» **What to produce**
Nothing but the lines from the one with "Pennycook Tartan Zipper" through the end of the data should be set down, each exactly as written, and no picture should be included.

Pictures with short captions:
»»

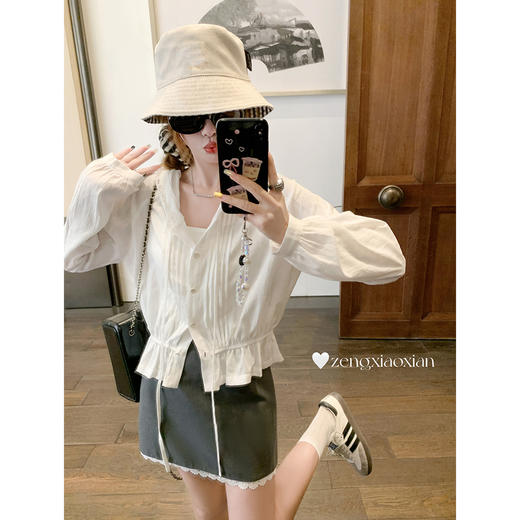 <曾小咸推荐>3.23现货秒杀 ！微信超特价！韩系连帽花边衬衫 日常189.99 立减100 秒杀89.99！！ 商品图2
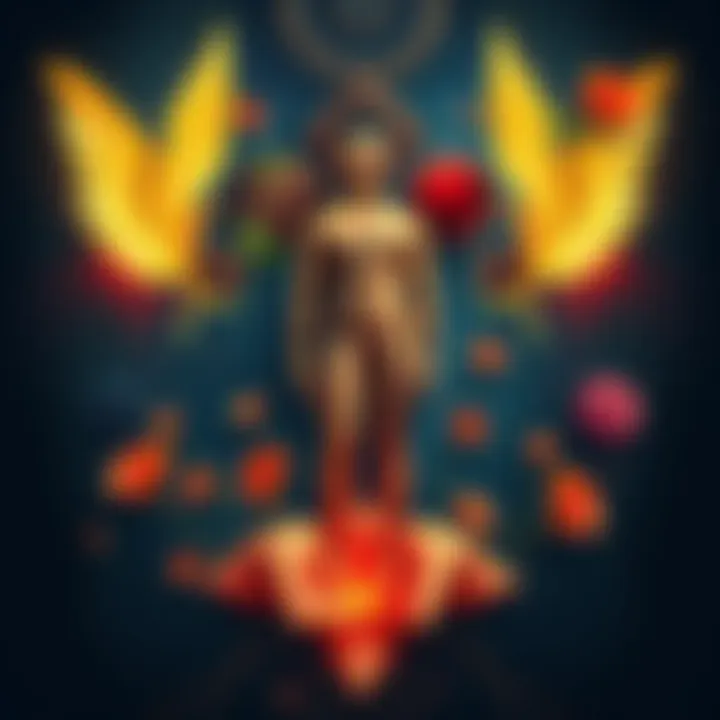 An illustration showing a balanced figure representing both masculine and feminine traits, surrounded by symbols like gears and flowers to signify strength and nurturing.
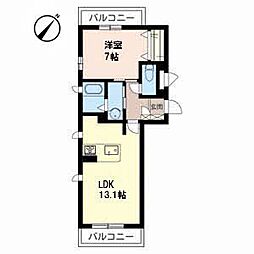 シャルール淡路 1LDKの間取図画像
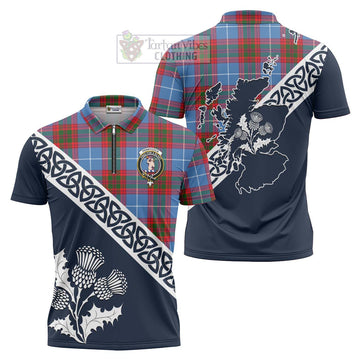 Pennycook Tartan Zipper Polo Shirt Featuring Thistle and Scotland Map Unisex - Tartanvibesclothing Store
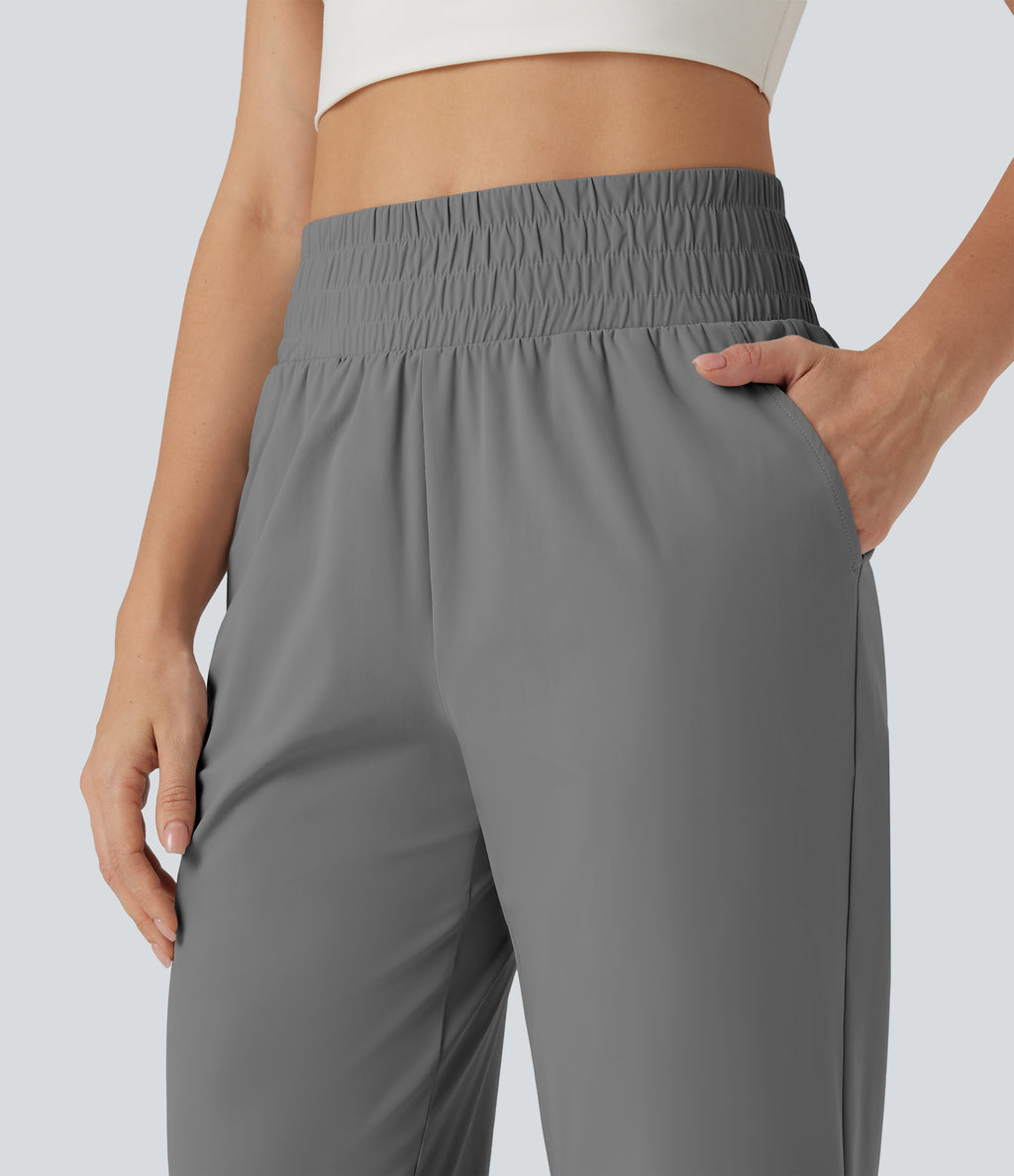 High Waisted Tapered Yoga Trousers with Pockets — Steel Gray — view 4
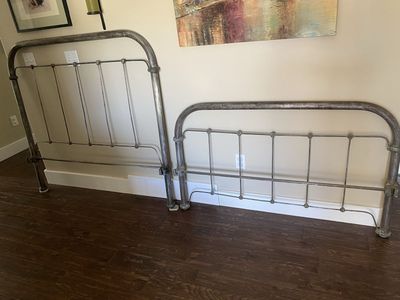 Antique Metal Bed Headboard & Footboard - Ornate Design, Distressed Gray Finish-Full Size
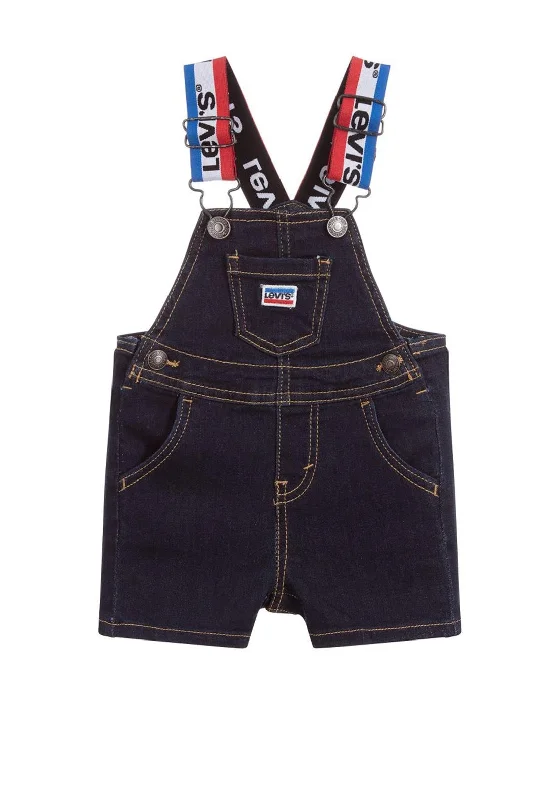 Denim dyeingLevis Boys Dark Denim Short Dungarees, Navy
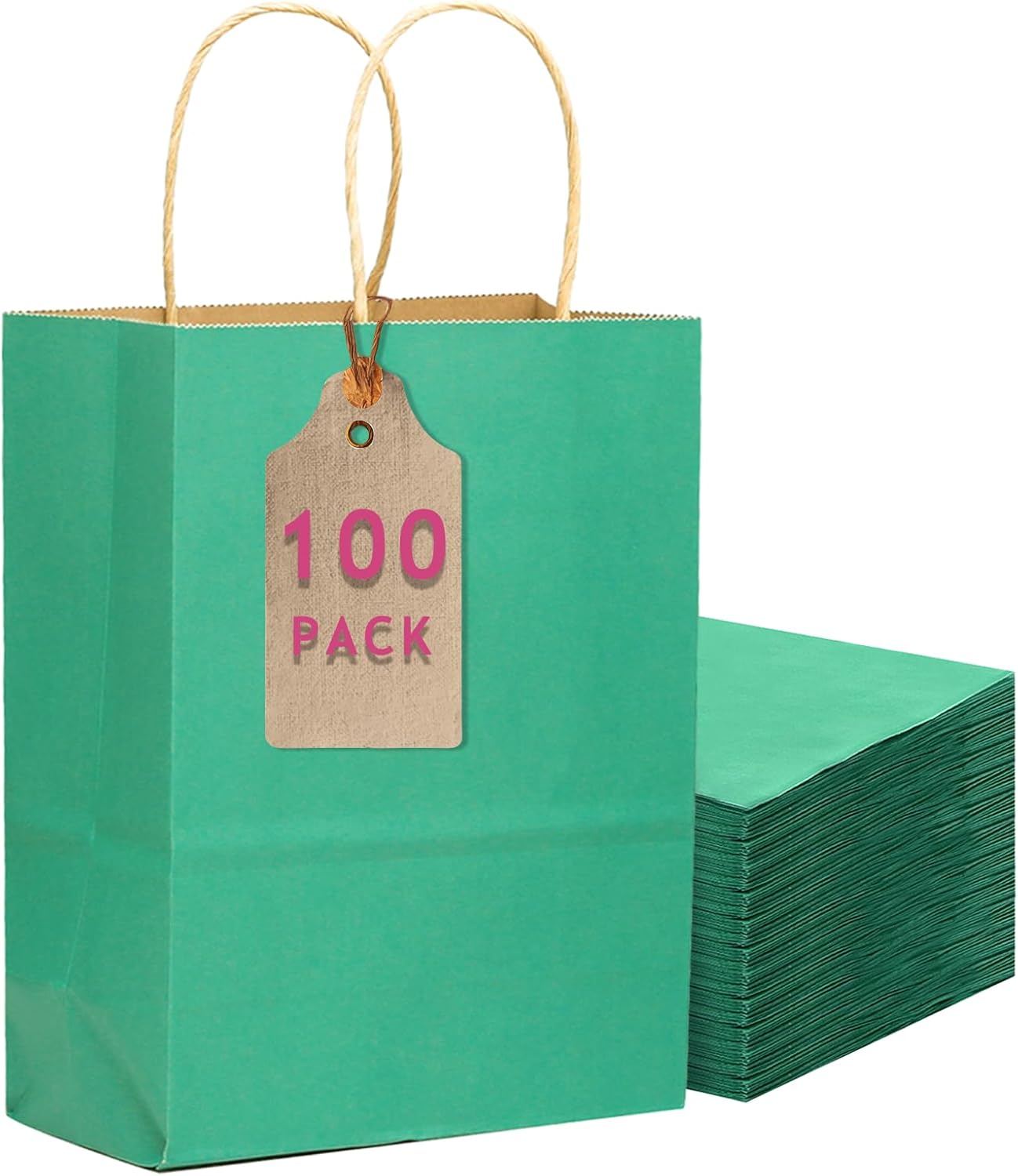 qiqee 100PCS Gift Bag with Handles Bulk Cyan Paper Bags Multiple Uses (11"x5"x8" Medium Size)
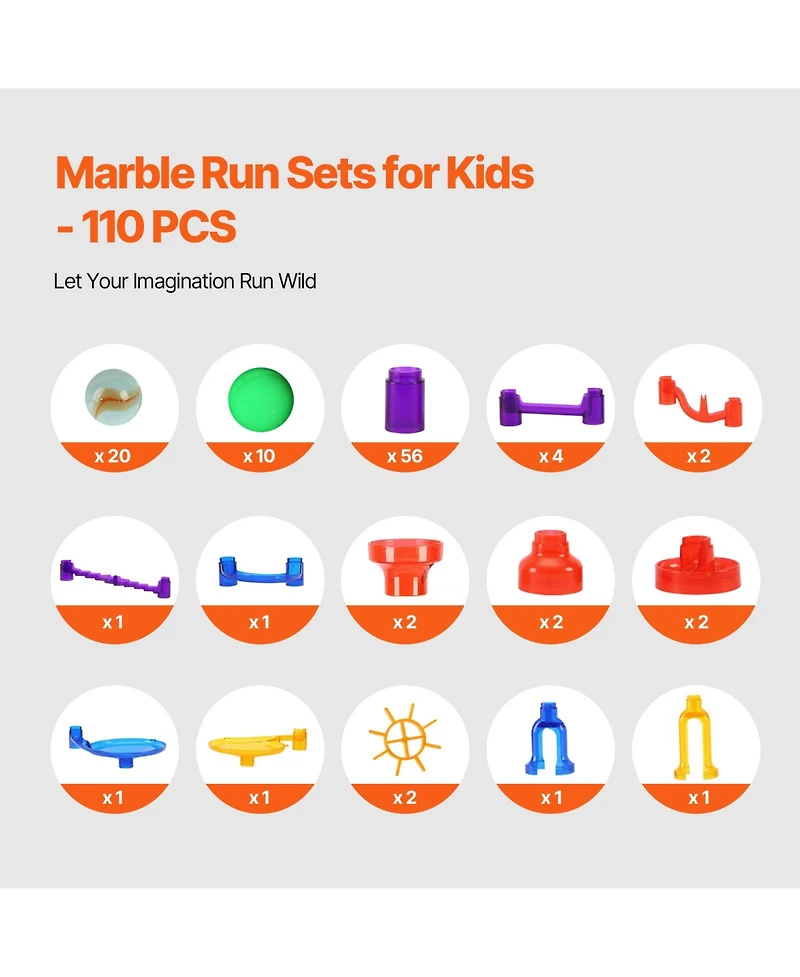 Sugift Glow-in-the-Dark Easy-Connect 110-Piece Marble Run Building Set, Ages 3+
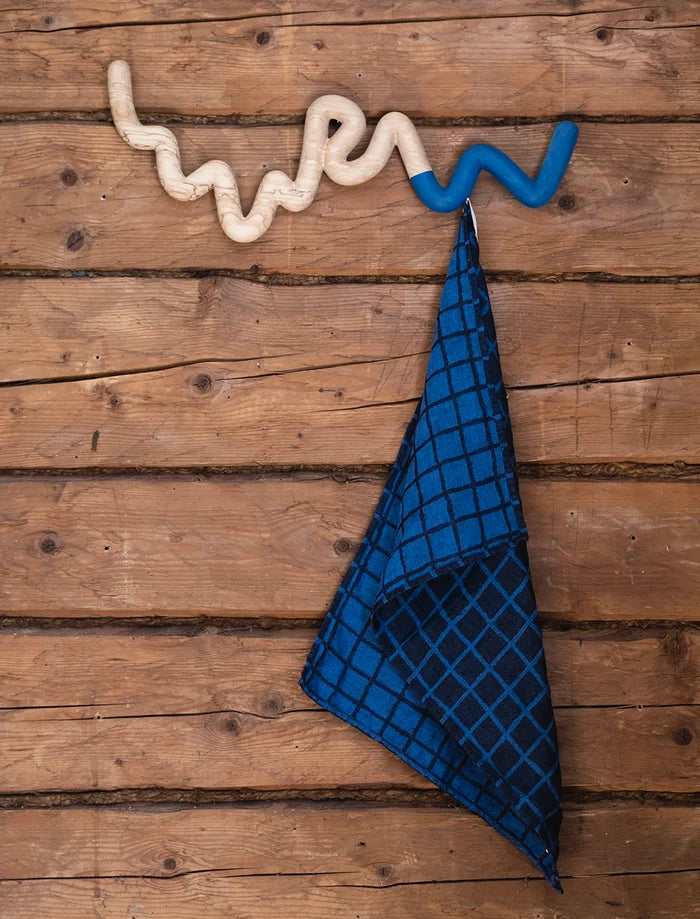 RUTIG JACQUARD WOVEN TEA TOWEL, BLUE/BLACK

««

» **Exercise answer**
 Pennycook Tartan Zipper Polo Shirt Featuring Thistle and Scotland Map Unisex - Tartanvibesclothing Store
 High Waisted Tapered Yoga Trousers with Pockets — Steel Gray — view 4
 Antique Metal Bed Headboard & Footboard - Ornate Design, Distressed Gray Finish-Full Size
 Denim dyeingLevis Boys Dark Denim Short Dungarees, Navy
 qiqee 100PCS Gift Bag with Handles Bulk Cyan Paper Bags Multiple Uses (11"x5"x8" Medium Size)
 Sugift Glow-in-the-Dark Easy-Connect 110-Piece Marble Run Building Set, Ages 3+
 RUTIG JACQUARD WOVEN TEA TOWEL, BLUE/BLACK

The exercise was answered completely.